Exploratory factor analysis allows the researcher to investigate the structure of complex data by looking for commonalities between variables. These commonalities become expressed as the function of an unobserved latent variable that manifests on the system in question through the measured variables with which it is correlated. This concept works well with classical genetics, which explains the latent variables as underlying genetic factors exhibiting pleiotropic effects on the system of measured traits.
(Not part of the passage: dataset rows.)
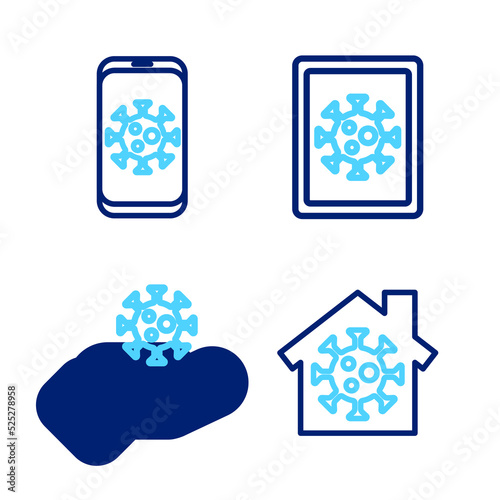 Set line Stay home, Hand with virus, Virus statistics on monitor and mobile icon. Vector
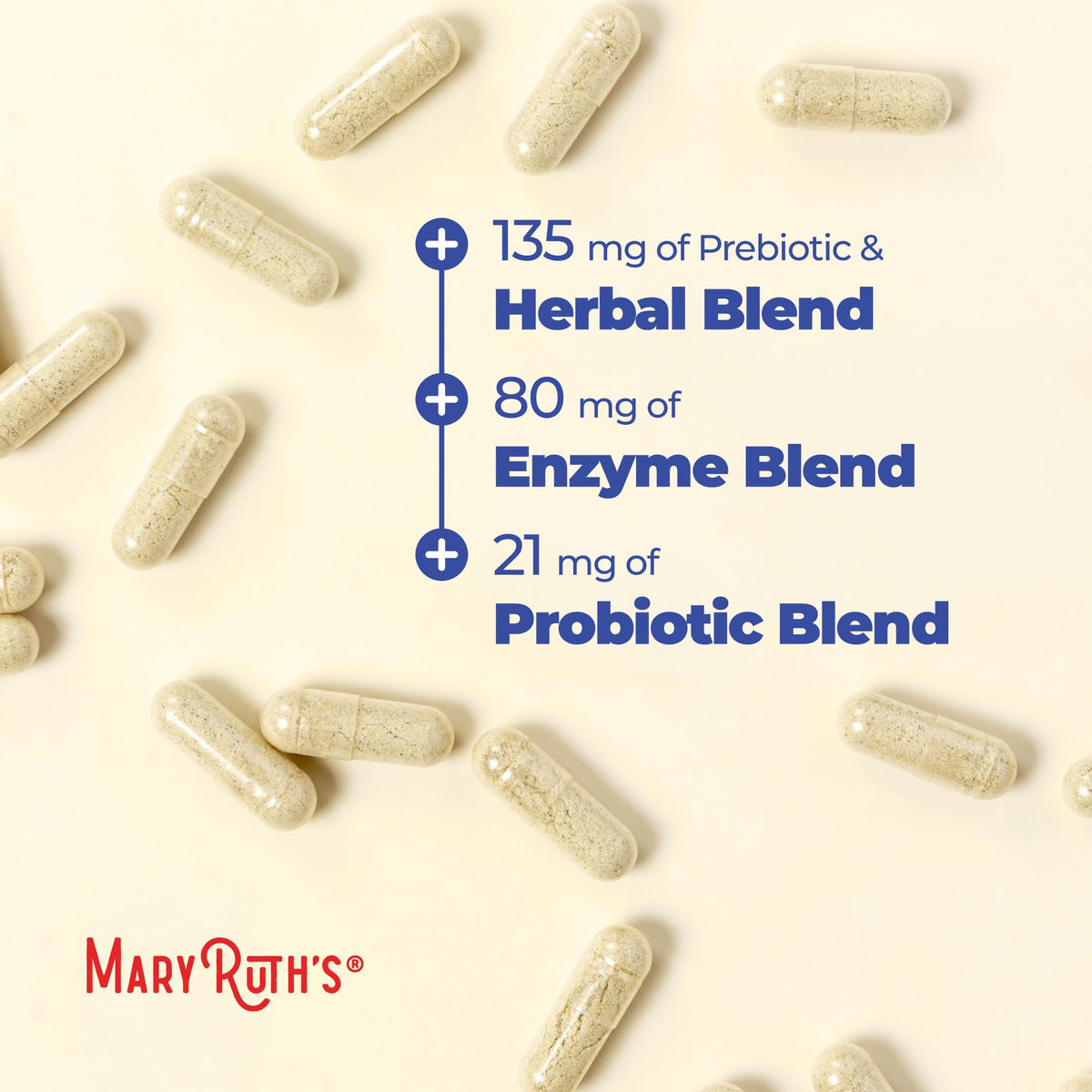 MaryRuth’s Gut Flora Health+ Enzymes | Prebiotic & Probiotic Digestive Enzymes for Healthy Gut Biome & Digestive Support | Gastrointestinal Health | CLP Certified MARYRUTH'S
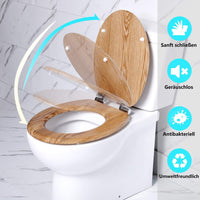 1 x RAW Customer Returns Angel Shield Antibacterial Wooden Toilet Seat with Soft Close and Quick Release Adjustable Hinge Easy to Clean and Install for Bathroom 45 x 37 x 5.6 cm Solid Oak  - RRP €48.4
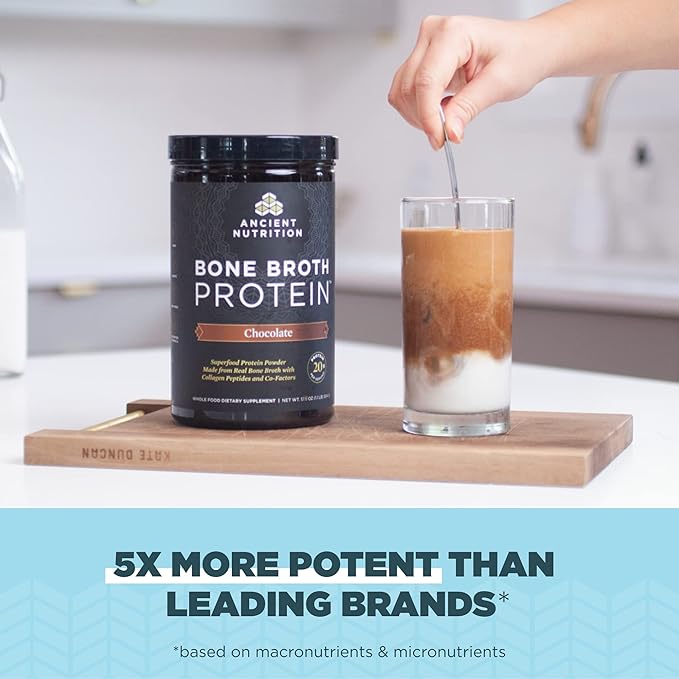 Ancient Nutrition Bone Broth Protein Powder Chocolate 40 Servings + Beef Bone Broth Protein Powder Salted Caramel 20 Servings
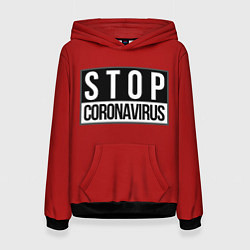 Толстовка-худи женская Stop Coronavirus, цвет: 3D-черный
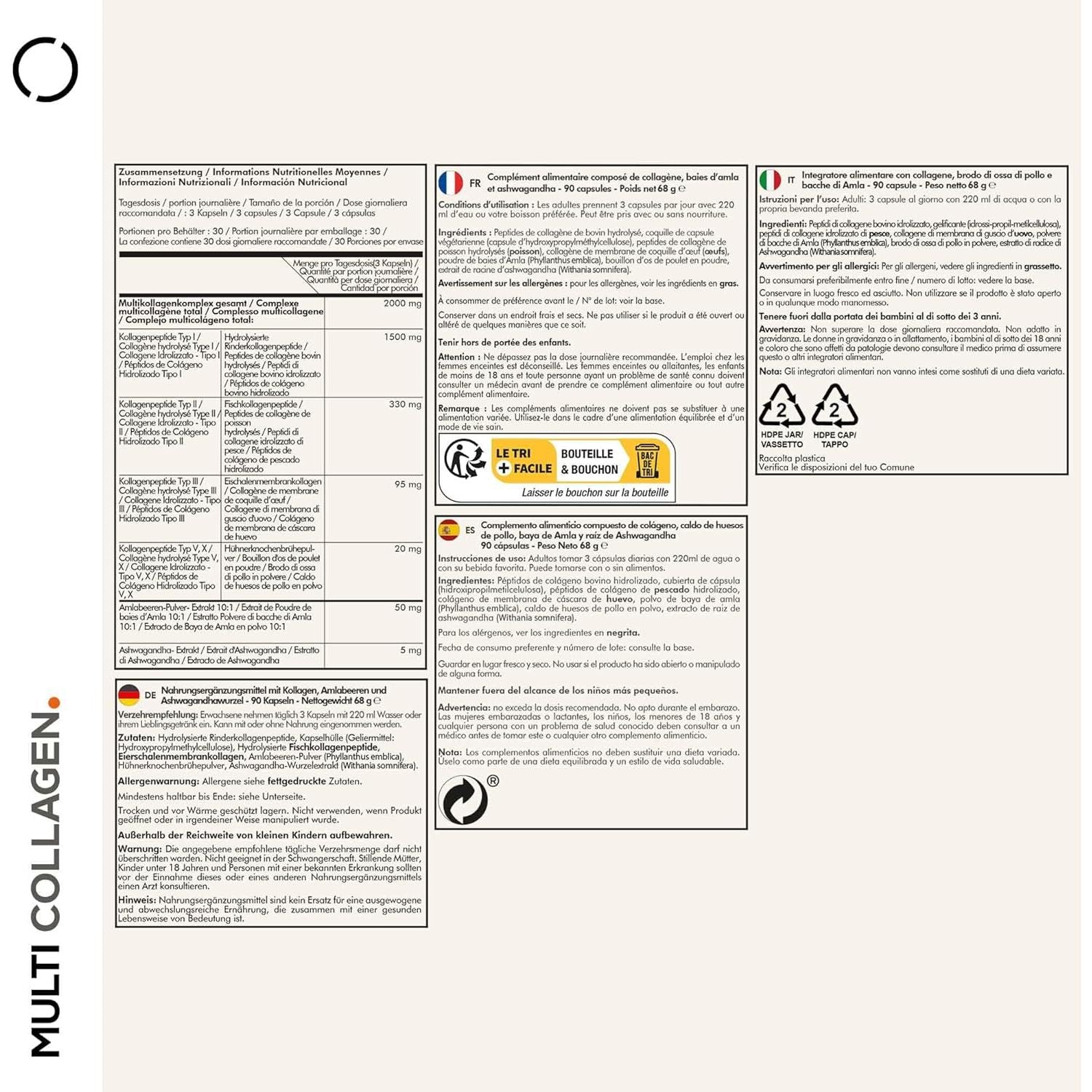Codeage Multi Collagen Peptides Capsules, Types I, II, III, V & X, Grass-Fed & Hydrolyzed Bovine Collagen Supplement with Ashwagandha & Amla Berry, Collagen for Skin, Hair, Nails, Joints - 90 Capsules
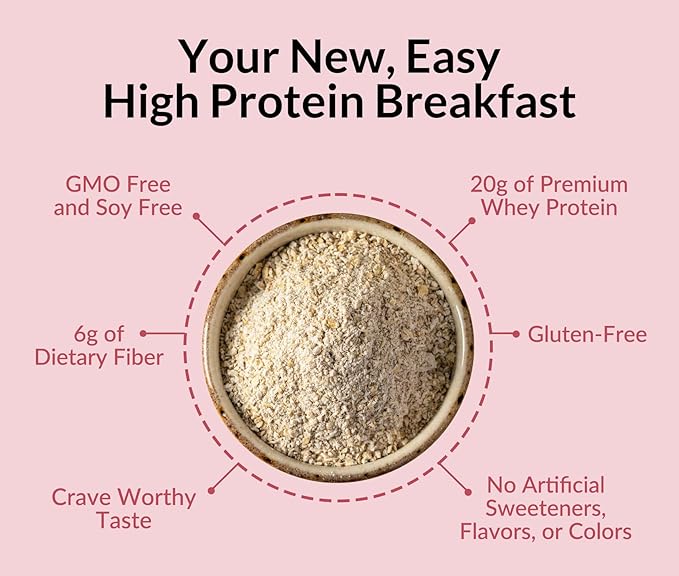 Naked Oats - Strawberry Cream Overnight Oats 20g Grass-Fed Protein Gluten-Free Oatmeal Instant Breakfast or Shake High Protein Oatmeal High Fiber Breakfast Shake Non GMO No Soy - 12 Servings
In testing genetic factor models, a key issue is identifiability. Appropriately applied rotations can modify the loadings and the resulting factor scores, so that factor solutions are not unique. Thus, the factor loadings to be used in genetic modeling must correspond to what is known about the biology of the system under investigation. In our study, the first and third factors can be identified as components of lipid homestasis. The factor loadings for the first factor (see Table 1) have the highest degree of identifiability, and seem to describe a latent variable which is highly correlated with high-density lipoprotein (HDL) levels, and correspondingly inversely correlated with triglycerides, smoking, and body mass index (BMI). These loadings are in line with current understanding of the biology of high density lipoproteins. Thus, in some way, this factor can be thought of as having a significant effect on HDL levels (perhaps coding for a component of HDLs). Looking across timepoints, it appears that this definition remains fairly stable, differing only in later timepoints with the addition of blood pressure and fasting glucose as predictive factors, and the removal of smoking (perhaps as older individuals cease, or at the very least reduce, the smoking habit of their earlier years). It is interesting to note that, although apparently similar in factor loadings, the factors from the first and subsequent time points differ significantly, as exemplified by the correlation between factor scores (the correlation between time1 and other times' scores for this factor is low – on the order of 0.1–0.2, whereas the correlation between other times for this factor are fairly high – on the order of 0.8–0.9). This also explains the difference observed later in peak LOD scores and positions in time1. The exact source of this difference is unknown, but may be due to numerical instability in the factor solution for the first time point (the loading of 1.0 on HDL levels, and the concomitant communality of 1.0 for HDL as a variable, indicates the presence of a Heywood instability, or a problem with the factor solution).
Variance component-linkage analysis using the predicted factor scores highlights several regions of the genome. Most prominent in these analyses are the regions on chromosome 6 (at roughly 127 cM) and chromosome 7 (at 160 cM), which correspond with previous studies of HDL variability [5, 6]. The stability of the location estimates for these peaks (and their LOD scores) are impressive, and lend considerable confirmatory evidence to support our multivariate modeling.
Factor 3 may also be related to some component of the cholesterol homeostasis mechanism, as it seems to be correlated with triglyceride levels, fasting glucose levels, HDL levels, BMI, and systolic blood pressure. As with Factor 1, correlations between the different time point factor models are high. This component appears to be distinct from that described by Factor 1 based on the location of linkage signals produced by the Factor 3 structures.
For the other two factors, identifiability is an issue. Factor 2 resembles to some degree Factor 1, in that it is composed of contributions from triglyceride levels, total cholesterol levels, and blood pressure measures. However, this factor does not provide any unique (or significant) linkage results on its own, in spite of good correlations between factor scores derived from each time point. These findings suggest a limit to the correlation between factor scores that will generate significant, reproducible findings. Based on the correlations in Table 2, correlations of 70% or more appear to be required to get reproducible linkage findings from factor models. In this way, the table of factor score correlations could possibly be useful in predicting the strength of further analysis.
Factor 4 also defies our attempts at identification, as no clear pattern is observable in the factor loadings. These factor models may actually demonstrate the effect of extraneous variables in a factor model, as extraneous variables should appear in factor structures independently of the other variables. Because this happens in at least two of the time points for this factor, it is possible that these structures simply represent the residual variation left in the system after the effects of other latent variables have been taken into account. Additionally, no clear, reproducible linkage signals appear.